INPUT MATERIAL:

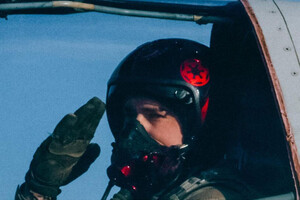 На рахунку Рикова 385 бойових вильотів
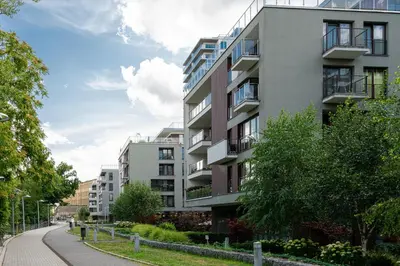 Budynek, w którym mieści się apartament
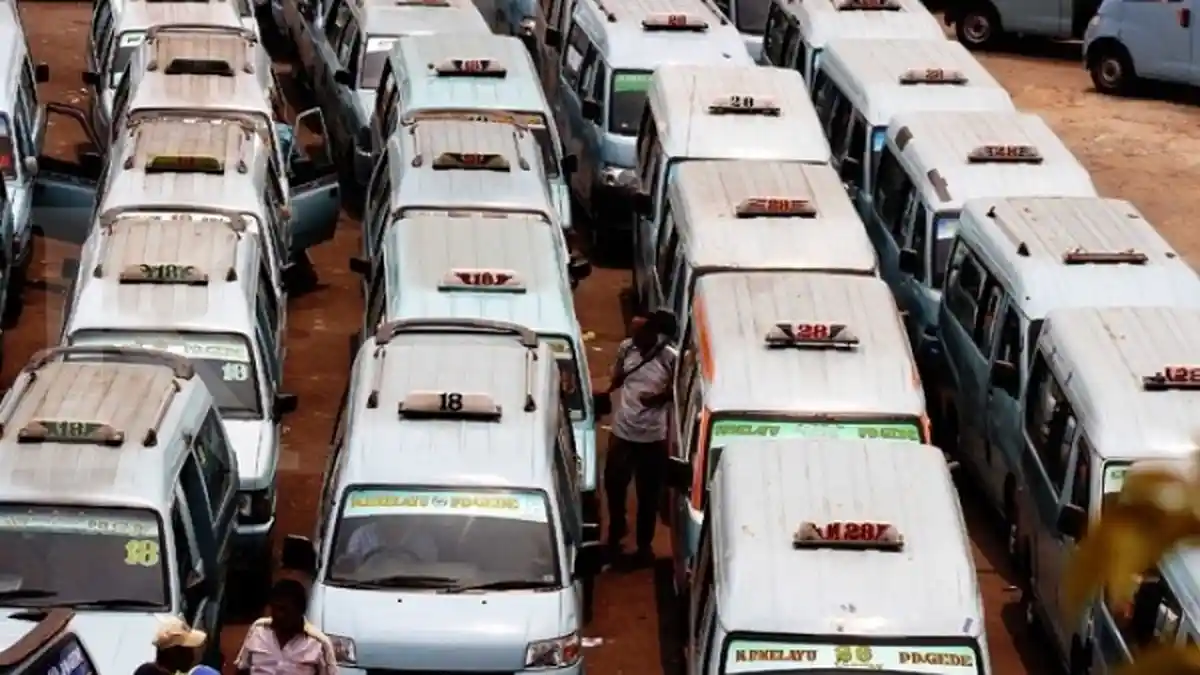 Masih Banyak Angkutan Umum Tak Laik Jalan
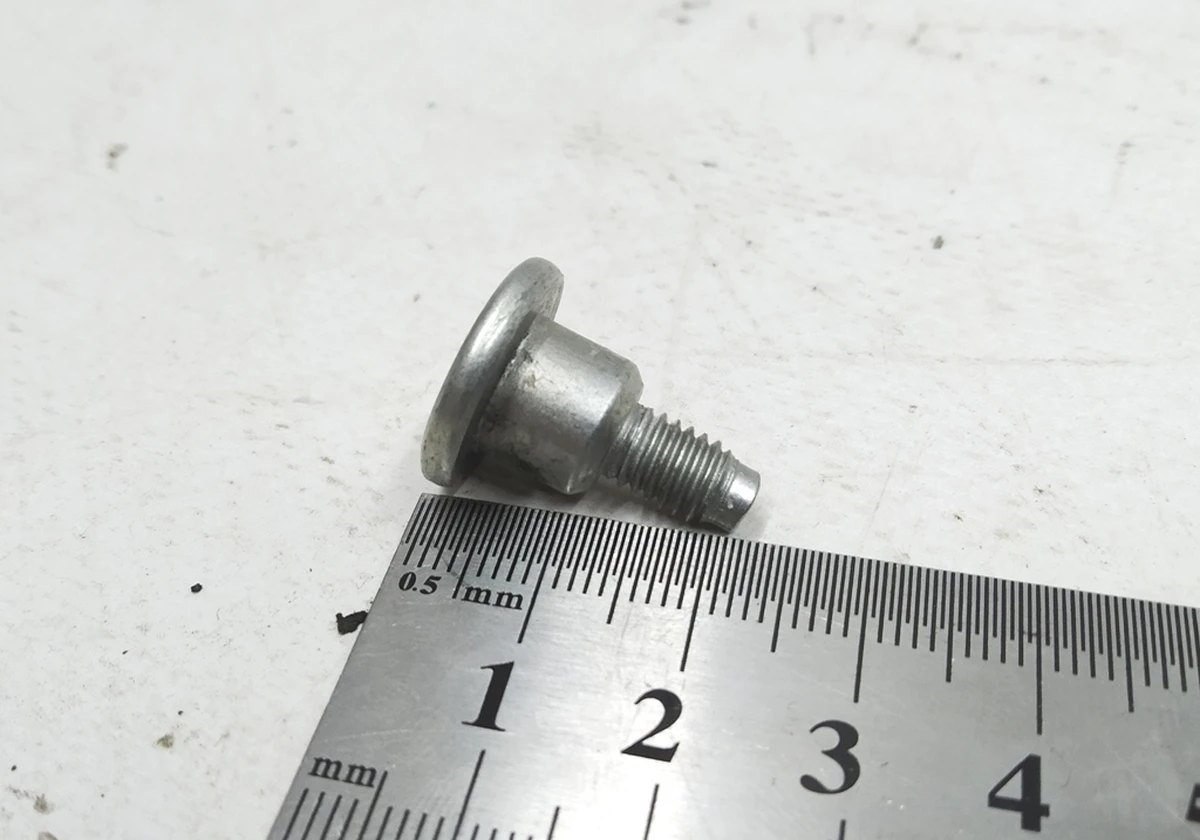 14 Болт FL M8x10 SH 12x5 10 ZN B SD ADH Tesla model 3 Y X S 1106615-00-C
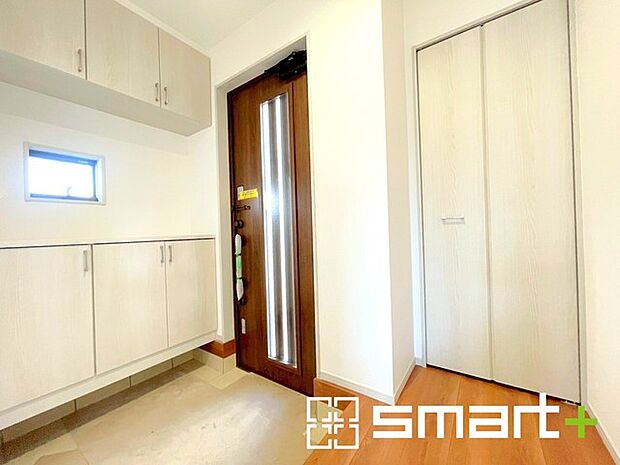 ~穏やかな陽が入る玄関~ ・窓に加えて玄関ドアのガラス部分からも穏やかな陽が入り、明るい玄関になります。 ・備え付けのシューズボックスはたっぷりしまえて玄関がスッキリ片付きますね。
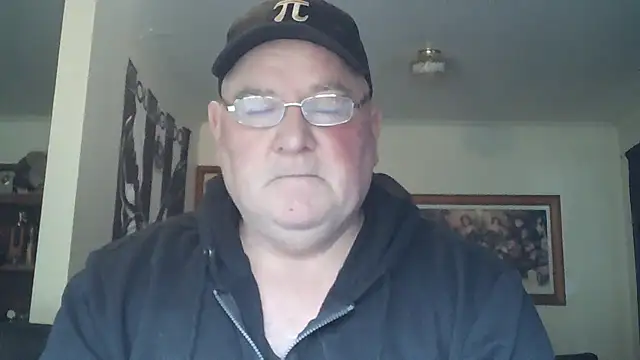 Snapshot of HOTANAL chatting on September 30, 11:21 pm HOTANAL online show from September 30, 11:21 pm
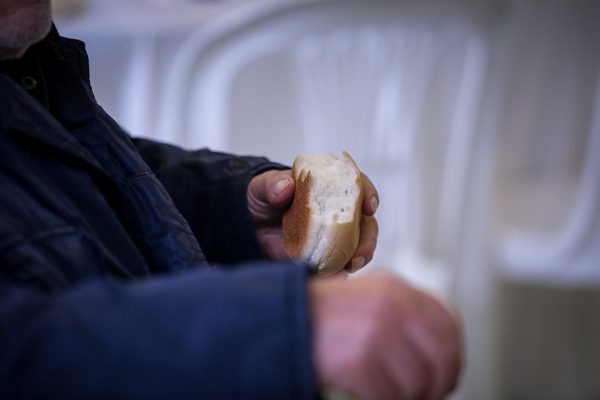 ΕΛΣΤΑΤ: Έξι στους εκατό Έλληνες αντιμετωπίζουν μέτρια ή σοβαρή ανεπάρκεια τροφής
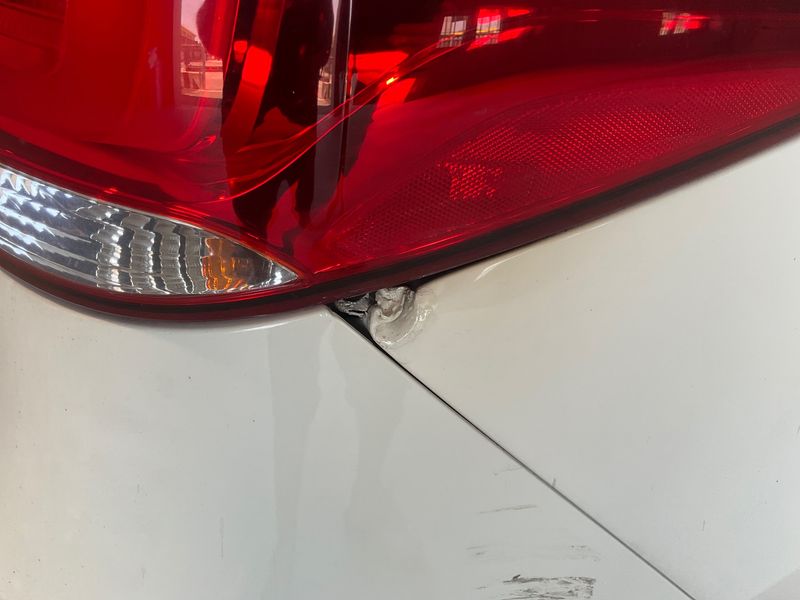 Kia Carens 1.7 CRDi Class 2015 – снимка 21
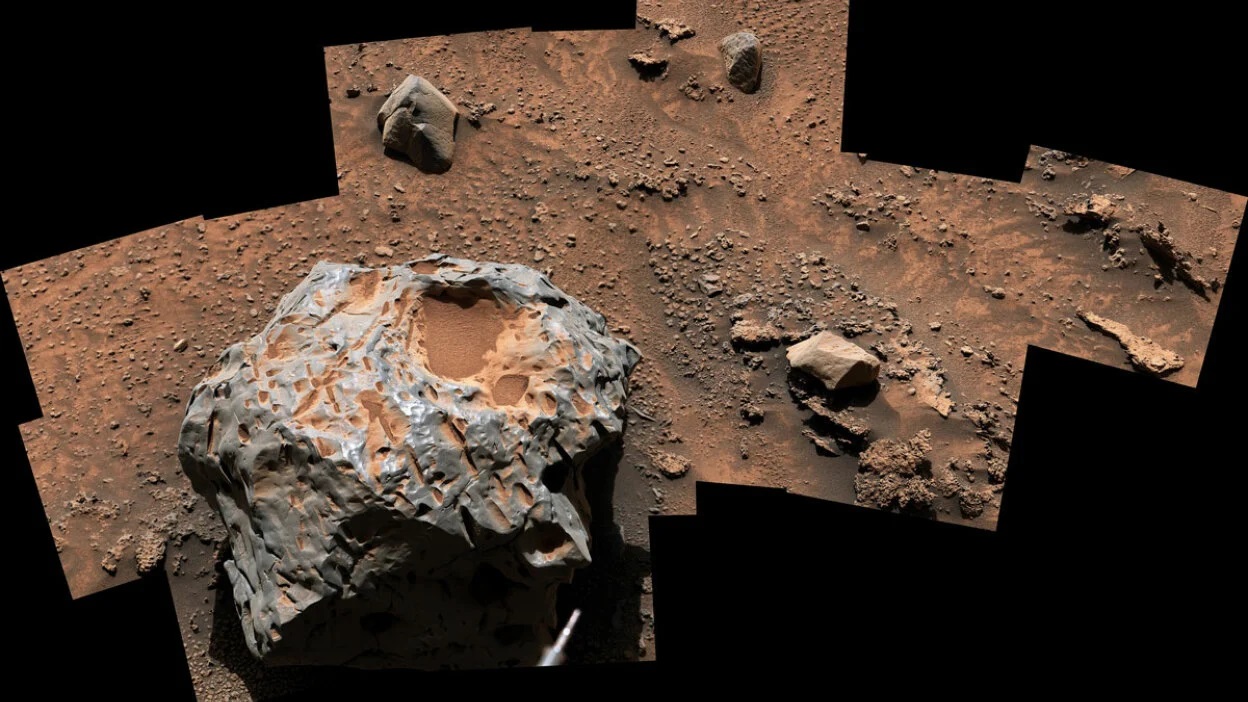 NASA našla na Marse veľký meteorit, nazvala ho Kakao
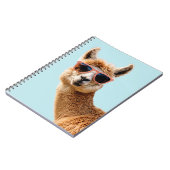 Schattigee lama met zonnebril op notitieboek (Linkerzijde)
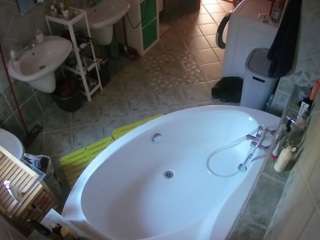 voyeurcam-julmodels-bath-1st-1 webcam model
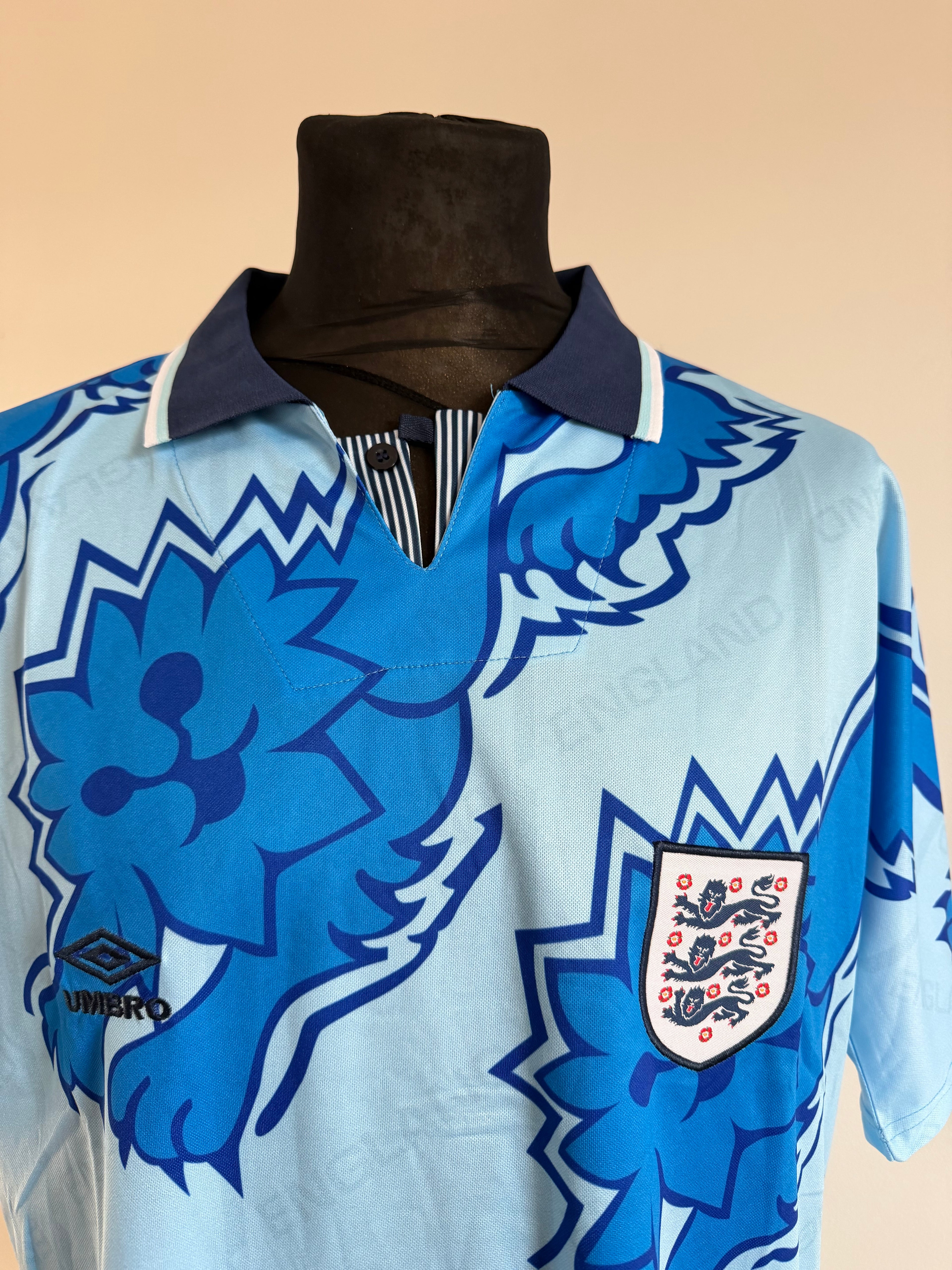 England Retro Umbro dres národního týmu z let 1992–1993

WORK ORDER: Print out every record above exactly as given. Do not include the pictures.

SOLUTION TO THE PROBLEM:
 На рахунку Рикова 385 бойових вильотів
 Budynek, w którym mieści się apartament
 Masih Banyak Angkutan Umum Tak Laik Jalan
 14 Болт FL M8x10 SH 12x5 10 ZN B SD ADH Tesla model 3 Y X S 1106615-00-C
 ~穏やかな陽が入る玄関~ ・窓に加えて玄関ドアのガラス部分からも穏やかな陽が入り、明るい玄関になります。 ・備え付けのシューズボックスはたっぷりしまえて玄関がスッキリ片付きますね。
 Snapshot of HOTANAL chatting on September 30, 11:21 pm HOTANAL online show from September 30, 11:21 pm
 ΕΛΣΤΑΤ: Έξι στους εκατό Έλληνες αντιμετωπίζουν μέτρια ή σοβαρή ανεπάρκεια τροφής
 Kia Carens 1.7 CRDi Class 2015 – снимка 21
 NASA našla na Marse veľký meteorit, nazvala ho Kakao
 Schattigee lama met zonnebril op notitieboek (Linkerzijde)
 voyeurcam-julmodels-bath-1st-1 webcam model
 England Retro Umbro dres národního týmu z let 1992–1993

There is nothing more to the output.